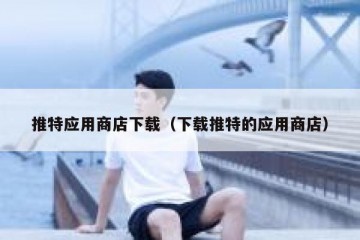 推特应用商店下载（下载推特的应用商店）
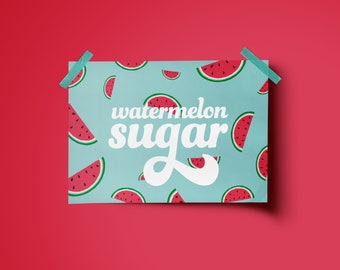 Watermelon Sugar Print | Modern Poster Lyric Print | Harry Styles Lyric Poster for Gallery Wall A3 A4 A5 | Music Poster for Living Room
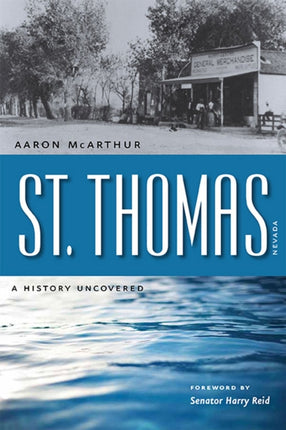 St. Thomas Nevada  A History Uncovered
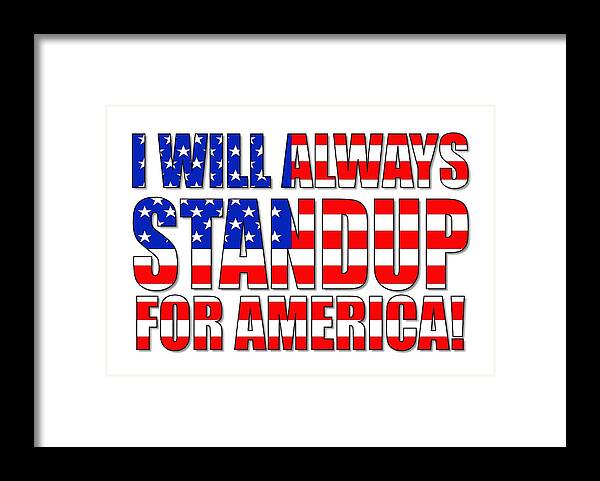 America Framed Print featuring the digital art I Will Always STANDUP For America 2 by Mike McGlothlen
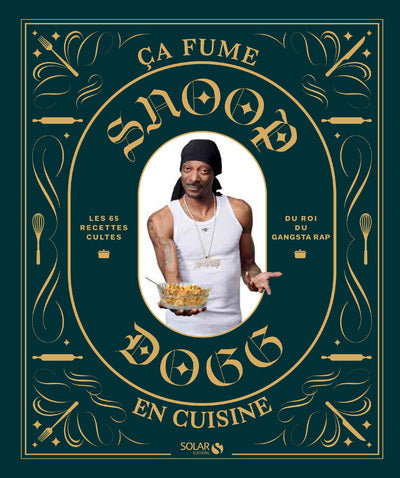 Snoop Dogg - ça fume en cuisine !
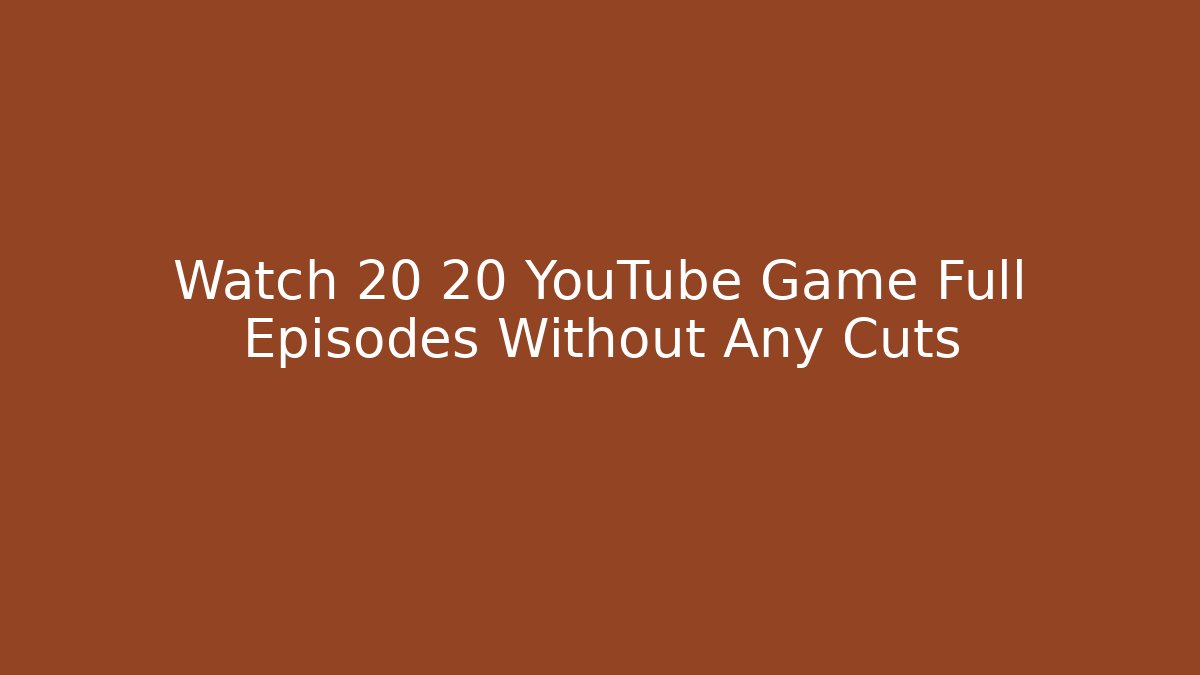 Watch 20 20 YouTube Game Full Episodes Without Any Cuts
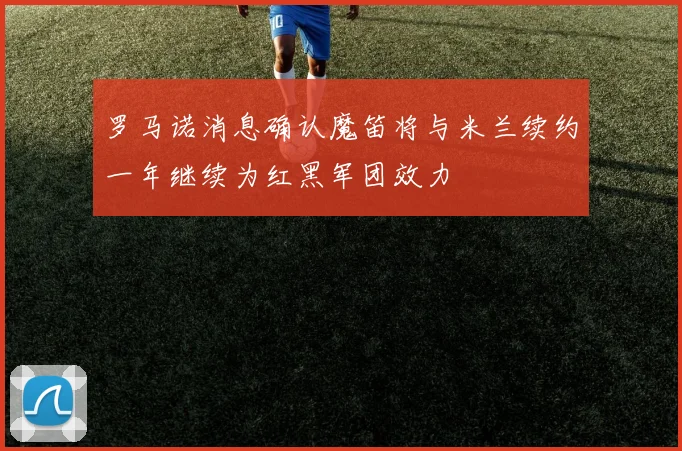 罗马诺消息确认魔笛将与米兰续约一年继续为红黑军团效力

▶ _Exercise directions_:
Transcribe exactly, and without any pictures, each line from the one that holds "St. Thomas Nevada" through the final line of the material above.

▶ _Reply_:
 St. Thomas Nevada  A History Uncovered
 America Framed Print featuring the digital art I Will Always STANDUP For America 2 by Mike McGlothlen
 Snoop Dogg - ça fume en cuisine !
 Watch 20 20 YouTube Game Full Episodes Without Any Cuts
 罗马诺消息确认魔笛将与米兰续约一年继续为红黑军团效力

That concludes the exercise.